Royals plant seeds for future moves at Meetings

Royals plant seeds for future moves at Meetings

SAN DIEGO -- The Royals entered the new era of an American League title defense with some roster vacancies to fill, and the sunshine and relaxing vibe of San Diego didn't prevent them from getting to work on putting down the check marks.

The Royals came into the Winter Meetings with the publicly stated goals of landing a bat or two, including an outfielder, and a starting pitcher. By Thursday afternoon, as the team's brass departed Southern California, the Royals had appeared to have taken care of one of those priorities while also taking a chance on a Rule 5 pick that could end up paying off in years to come.

A source told MLB.com that the Royals had agreed to terms, pending a physical, with designated hitter and occasional first baseman Kendrys Morales on a two-year, $17 million deal with incentives that could push the number to $18.5 million. Kansas City also traded for 22-year-old right-hander Jandel Gustave, who had been selected by the Red Sox from Houston in the Major League portion of the Rule 5 Draft.

Meanwhile, general manager Dayton Moore said he felt confident that the club had planted the seeds for the upcoming transactions that will get his roster to where he wants it to be come Spring Training.

"We're optimistic about some things on the trade front and through free agency," Moore said. "We're looking to improve our team in both ways, both avenues. There's only so many different ways to acquire players. … I feel like we're moving closer in some areas."

Justice on Royals-Morales deal

One player the Royals will not be reuniting with is starter Ervin Santana, who agreed to terms with the Minnesota Twins on a four-year, $54 million contract, pending a physical, according to a source. During the week, Moore indicated that Santana might be out of his team's price range, and the same could be said for former Royals outfielder Melky Cabrera, although Cabrera remained a free agent as of Thursday.

The Royals are still believed to be speaking with the representatives of outfielder Nori Aoki, so a reunion there could happen. As for trade possibilities, indications as of Thursday were that the Royals would be more likely to deal from their farm system than from their vaunted bullpen triumvirate of Kelvin Herrera, Wade Davis and closer Greg Holland.

"We know who we are, and we have to use our farm system aggressively to make things happen," Moore said. "And we'll continue with that. It's never easy to deal your homegrown players, but at the same time, it's part of the game and how we have to operate."

Deals done: Agreed to terms, pending a physical, with designated hitter/first baseman Morales.

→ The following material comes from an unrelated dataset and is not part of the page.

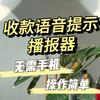 收款设备耗材店（老板不在也能播报）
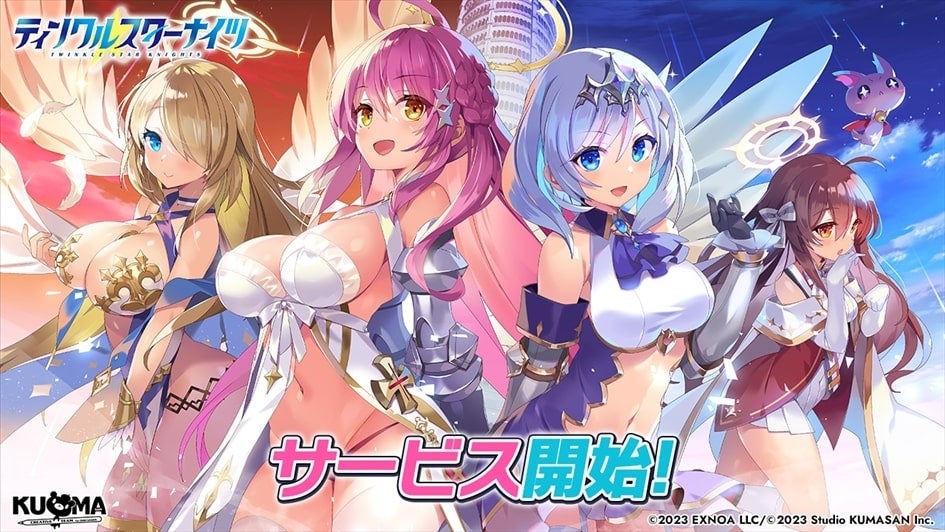 変身ヒロイン×本格バトルRPG『ティンクルスターナイツ』が正式リリース!大量のアイテムがゲットできる豪華キャンペーン開催! 変身ヒロイン×本格バトルRPG『ティンクルスターナイツ』が正式リリース!大量のアイテムがゲットできる豪華キャンペーン開催!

Rule 5 Draft activity: Traded with the Boston Red Sox for right-handed pitcher Gustave. The 22-year-old, who has been in the Houston Astros' farm system and was plucked out of the Rule 5 Draft by the Red Sox with the sixth pick on Thursday before the swap, reached 100 mph with his fastball in the Dominican Winter League and showed Kansas City improved command.

Goals accomplished: The Royals appear to have replaced the departed Billy Butler with Morales and, according to Moore, made serious inroads in San Diego for deals that could come to fruition in the days or weeks ahead.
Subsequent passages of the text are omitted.